As I look back, I knew very little about my grandfather, Joachim. He was a child when he lost his mum and his father remarried with his aunt. He was unhappy with this marriage. That’s why, as soon as he was 14 years old, he decided to leave Portugal and sailed away to Algeria. He would never return to his native Portugal and would never speak Portuguese again.

Joachim grew up to be a strong man. He worked on building hydroelectric dams. He loved speed. When he wasn’t working, he loved to drive fast machines: a sports cabriolet or a motorbike.

One day he realized that he couldn’t feel electricity through his hands. He took that as a joke showing this ability to his coworkers. But something odd was evolving, too. He began to have numbness in his feet and legs. He was losing weight and the strength which he was so proud of. He passed away at 40, leaving behind his wife, Rosalie, and a ten-year-old son named Jacky, who would become my father.

Fast forwarding 25 years, I am now ten years old. I live with my dad, Jacky; mum, and my granny, Rosalie. I am happy, but I have a different life. I like going outside and playing with other children, but unlike them I never go walking in the forest or play football with my father because he doesn’t have the physical strength to move from his chair. He spends more and more time in his bed. He is too physically weak to move.

My mum worked at the factory to help pay the bills, and then she and my grandmother were taking care of my father. Ultimately, my father was misdiagnosed with another neuropathy: the Charcot-Marie-Tooth disease. He passed away when I was 11 years old. When I was diagnosed 23 years later, I finally understood my father must have had hATTR amyloidosis, too.

As for me, as if to please my father when I was a child, I continued to work at school and during all my studies. Then, I always tried to do my best, but without a father figure in my life, I always felt that I missed this important return. I did not know if I was doing well or not. I have always seen my father try to enjoy life as much as he could through music, good food, fine wines, sharing good times with friends and family. That’s why I also became an epicurean, trying to enjoy everything I could experience.

By the time I turned 32, I led a very active life.
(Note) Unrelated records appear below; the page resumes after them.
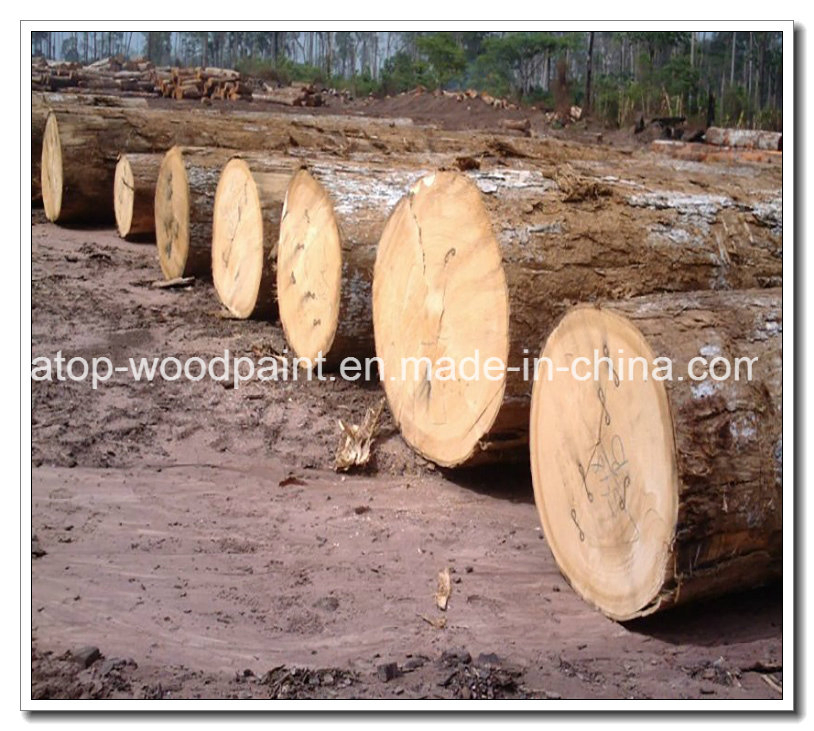 Madera De Okume Okoume Veneer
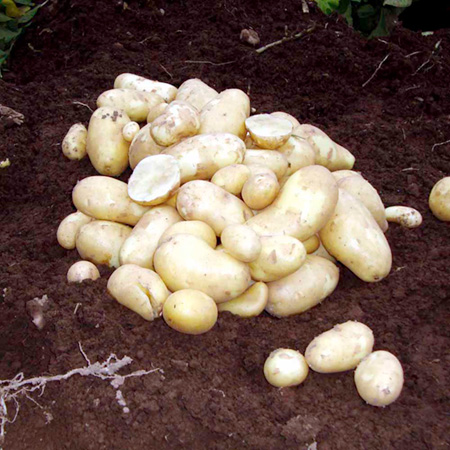 Unbranded Patio Potato Refill Pack Pack of 18 Tubers (6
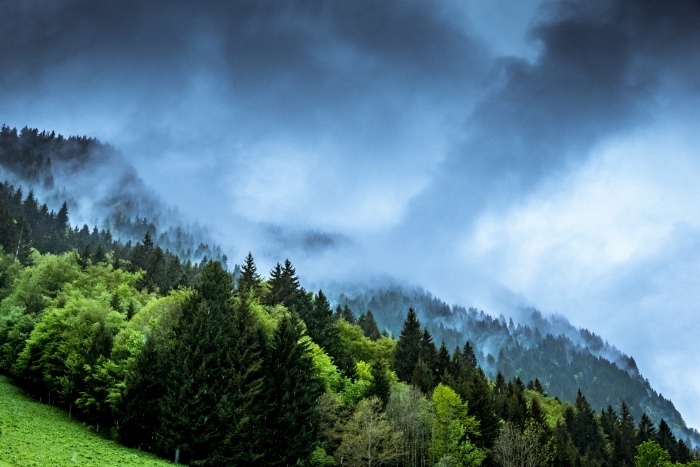 wallpaper fond d écran de la nature, photo de brouillard et nuages grises au dessus des montagnes et des forets à arbres conifères
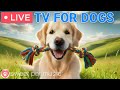 🔴24 Hours of Dog TV🎵🐶Calming Sleep Music for Your Dog🐾🩷Soothing Music for Dogs with Stress & Anxiety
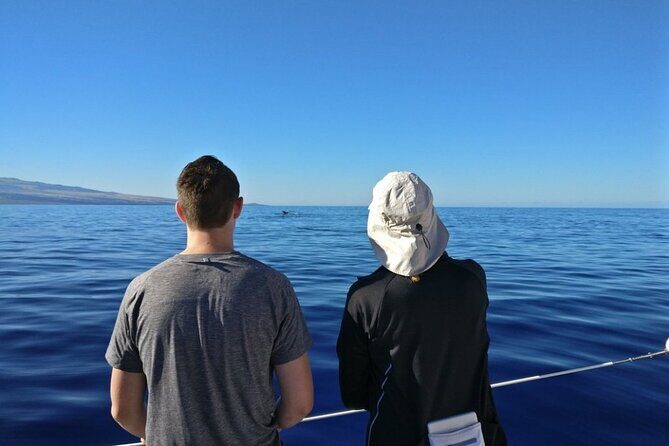 Wake Up With the Whales Cruise on Seasmoke - Included Refreshments: Drinks, Snacks, and Fewer Surprise Costs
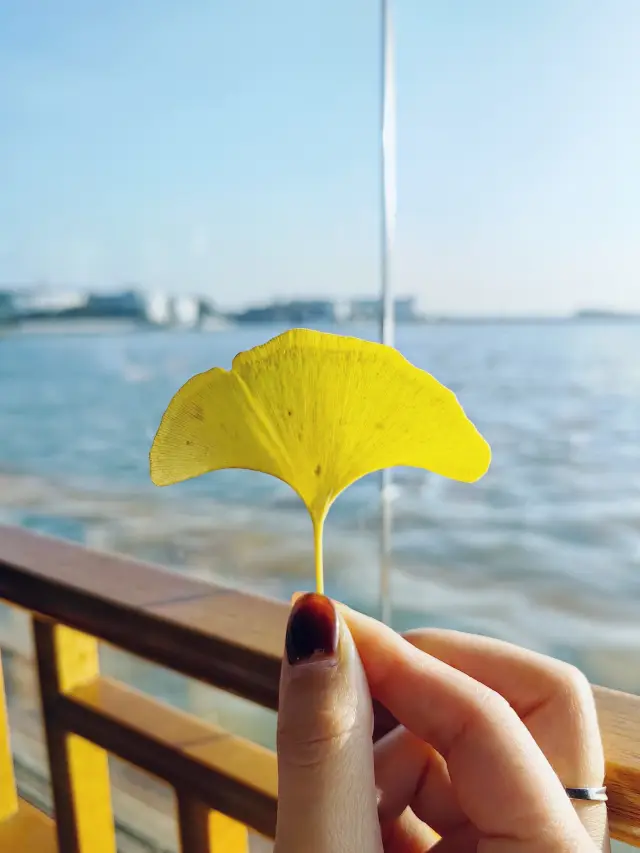Dream of Zhouzhuang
I was a professional engineer in physics and materials, and I was overseeing a team of 15 technicians and engineers. I liked to party with all my friends, and I was never the one who stopped first. When I was a child, I saw this spear gun in the garage, and it created a fantasy of submarine wonders in Algeria with my father. That’s why as soon as I got an opportunity, I learned how to scuba, and it became such a pleasure that I passed the degrees needed to be able to share the beauty of the submarine life with others. It was such a passion that I considered quitting my job and becoming a professional instructor.

I also ran half marathons, but although I trained every week with colleagues and a coach, I was not progressing as I should. It was even like I was regressing. My legs cramped. I had trouble following the pace. When I used a heart rate monitor for effective training, I couldn’t reach my target heart rate. My trainings exhausted me. It was harder to recover.

About the same time, I was gifted with a beautiful baby daughter named Paola. It was difficult to find the energy to face each day. Was it the lack of sleep because of the baby? No. Other things were changing, too. I started to feel numbness in my toes and pain in my legs, without working out. I took this is a signal that something was wrong. I consulted a neurologist; he performed an electromyogram and told me to wait.

Before my daughter turned three, my marriage was over, and my wife and daughter left me. I continued to dive and explore the marine world below, but I was feeling the cold like never before. I had troubles opening the faucets when I inflated the scuba tanks. I was more and more tired. I’d lost 15 kg. I stopped running; it was too difficult to keep up the pace I’d set before.

Realizing these issues were adding up to something, I went to see the neurologist several times. He performed a few electromyograms, and each test result was worse. During a week in hospital, I underwent various exams and a biopsy. I was worried and frustrated because I felt powerless in front of what was happening to me. When he told me I had neuropathy, I found myself thinking of my dad. He had neuropathy, too. Could it be passed from one generation to another? Why me? Why my family? Is there a curse?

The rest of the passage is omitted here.